Mapping hydrogen with neutrons
So how did TGO discover the water? It used its FREND instrument to map out the hydrogen content in the Martian soil just below the surface. It does this by detecting neutrons rather than using light. Co-author Alexey Malakhov said:
Neutrons are produced when highly energetic particles known as ‘galactic cosmic rays’ strike Mars; drier soils emit more neutrons than wetter ones, and so we can deduce how much water is in a soil by looking at the neutrons it emits. FREND’s unique observing technique brings far higher spatial resolution than previous measurements of this type, enabling us to now see water features that weren’t spotted before. We found a central part of Valles Marineris to be packed full of water, far more water than we expected. This is very much like Earth’s permafrost regions, where water ice permanently persists under dry soil because of the constant low temperatures.
But what kind of water in Mars’ Grand Canyon?
Another question is what form the water is in. Is it liquid, ice or chemically bound in the soil? Right now, the researchers think it is most likely ice, according to Malakhov:
Overall, we think this water more likely exists in the form of ice.
However, there must be some unique conditions that allow the water ice to remain there. This is because water ice or even bound water usually evaporates this close to the equator, where the canyon system is. Only the right combination of temperature, pressure and hydration can keep the water from just disappearing. It’s also possible that something is replenishing the water, although how that would occur isn’t known.
Final confirmation that the water really is ice will require additional observations, however. As co-author Håkan Svedhem said:
This finding is an amazing first step, but we need more observations to know for sure what form of water we’re dealing with. Regardless of the outcome, the finding demonstrates the unrivalled abilities of TGO’s instruments in enabling us to ‘see’ below Mars’ surface, and reveals a large, not-too-deep, easily exploitable reservoir of water in this region of Mars.
Clues to Mars habitability and life
Of course, the discovery of water also brings up the possibility of life, past or present. This water may be left over from when Mars had abundant water on its surface a few billion years ago.
Colin Wilson, Trace Gas Orbiter project scientist, said:
This result really demonstrates the success of the joint ESA-Roscosmos ExoMars program. Knowing more about how and where water exists on present-day Mars is essential to understand what happened to Mars’ once-abundant water, and helps our search for habitable environments, possible signs of past life, and organic materials from Mars’ earliest days.
Could this water even possibly support microorganisms today? Nobody knows for sure, but it is a tantalizing thought. It would be better if the water were liquid and not frozen, but even then, it is conceivable that some kinds of extremophile-type organisms could still use it.

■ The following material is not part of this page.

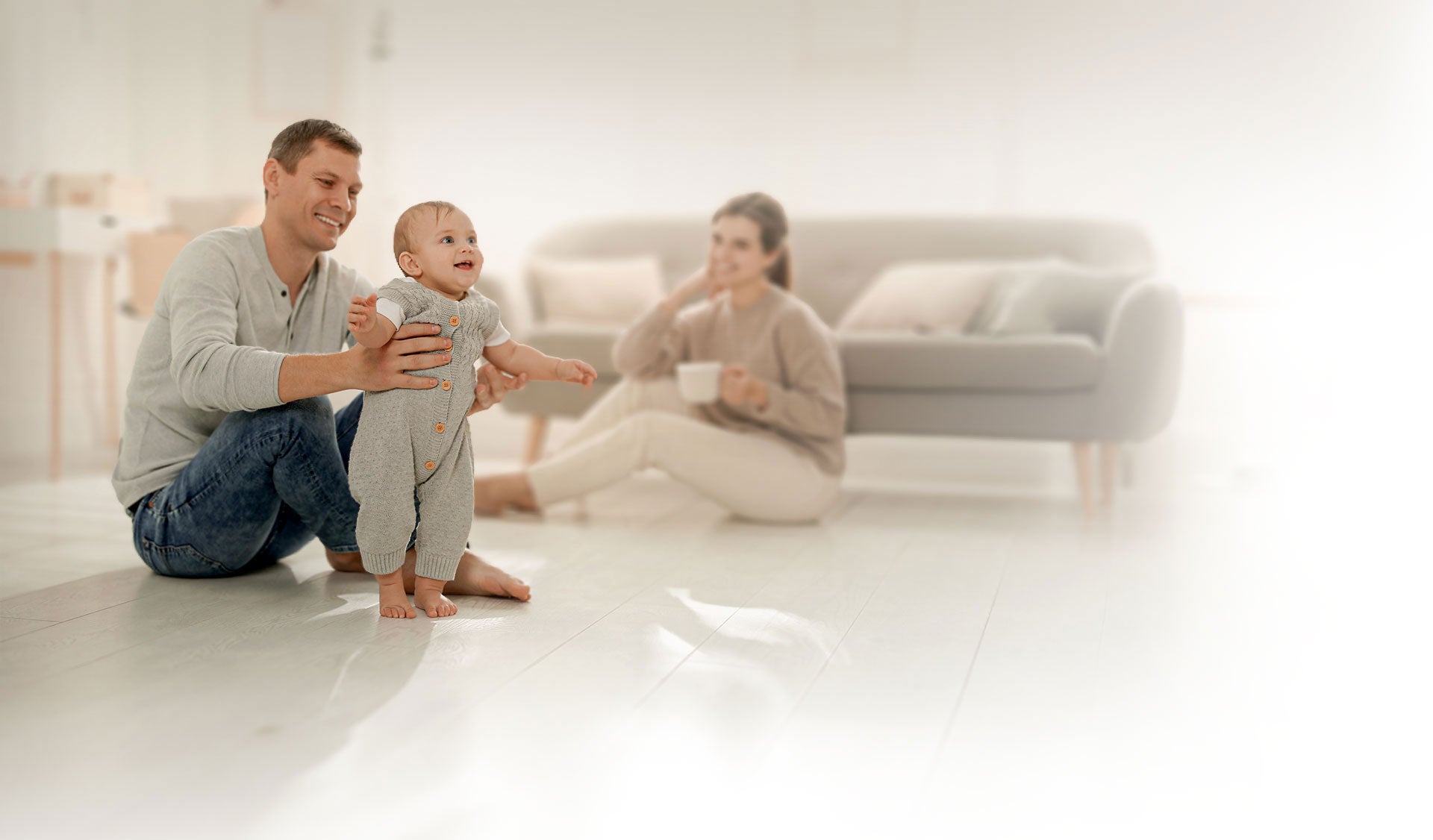 A baby smiles as he stands, supported by his father who sits on the floor. His mother smiles in the background.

Resource for future human exploration
When human astronauts eventually arrive on Mars, water will of course be a primary necessary resource. Being so close to the surface means that this water could be used to help sustain human expeditions. The frozen water in the soil, like permafrost on Earth, could easily be turned into liquid water.
This would be easier than trying to use ice found at the planet’s poles or deeper underground. There may also be liquid water below Mars’ surface but it is likely even deeper down and more difficult to access.
Largest canyon in the solar system
Valles Marineris is a massive feature in the Martian landscape, dwarfing the Grand Canyon on Earth. In fact, it is about ten times longer and five times deeper than the Grand Canyon. It stretches about 2,500 miles (4,000 km) in length and reaches depths of up to 4 miles (7 km). Imagine standing at the edge and looking across that giant chasm …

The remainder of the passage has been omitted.